I created two programs, one in Python and one in C++, and ran them on the same data file (approx. 1.6 GB of text). They were both run on an Intel Core i7 processor running Windows 7 x64. The version of Python used is 2.7.1, 64-bit. The .cpp file was compiled with TDM-GCC's MinGW-w64-based g++ (version 4.6.1) using the following switches:
g++ -std=c++0x -O2 -march=native -Wall -Wextra test.cpp
Instead of placing the code directly in this post, I have placed links so that you can download them since Blogger bastardizes code.
C++ code:
http://dl.dropbox.com/u/57289645/test.cpp
Python code:
http://dl.dropbox.com/u/57289645/test.py
Results:
C++: 24 seconds
Python: 45 seconds
Notes:
- Python has an unfair advantage here, which is the fact that the "with open(file, 'r') as fin:" structure uses a built-in readahead buffer in Python.
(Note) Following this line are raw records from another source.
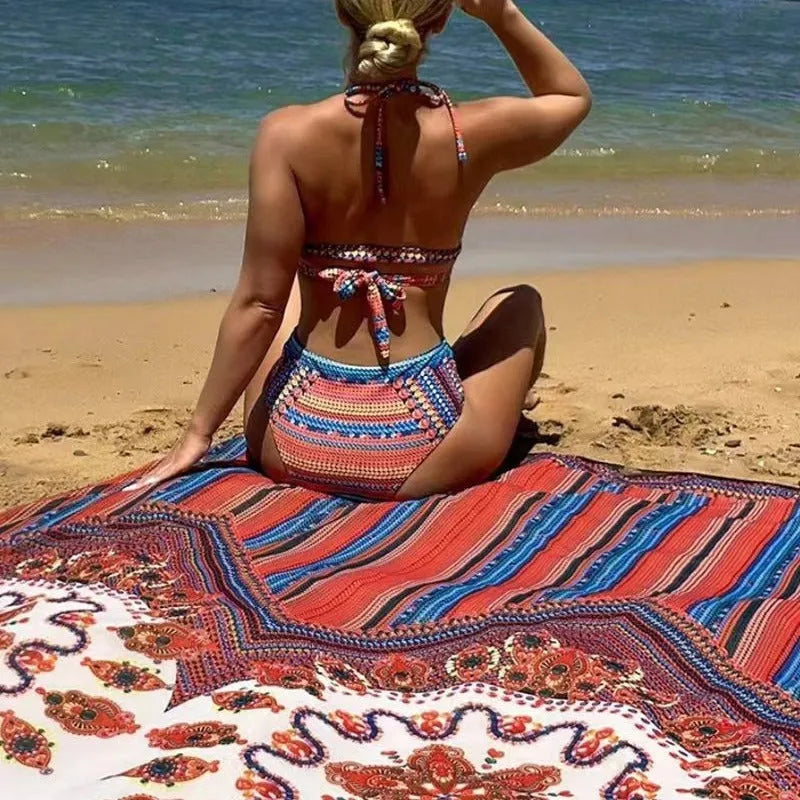 Ladies three-piece swimsuit set with high-waisted briefs, cutout blouse top, and a long coat.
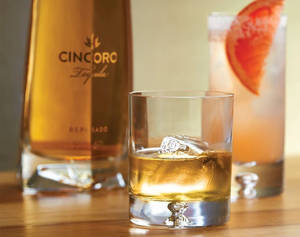 Cincoro龍舌蘭酒瓶同木枱上嘅兩杯雞尾酒。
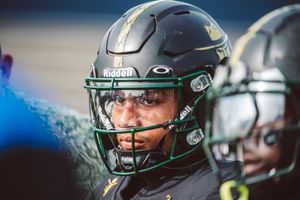 Golden West College quarterback Kauna'oa Kamakawiwo'ole looks towards the coin toss as a team captain before the state championship game.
So the Python script is reading large chunks of the file into memory in order to parse the file faster, whereas the C++ program is just using normal file I/O.
- Python on Windows is compiled using MSVC. The C++ program would probably be faster if compiled with MSVC. It would certainly be faster if compiled with Intel's C++ compiler, icc.
- Python is splitting each line into a list, whereas C++ is using a more brute force type method by directly searching for the tab characters and only extracting what is needed. Python could just as easily search for tabs, as you could certainly dump the line into a list in C++.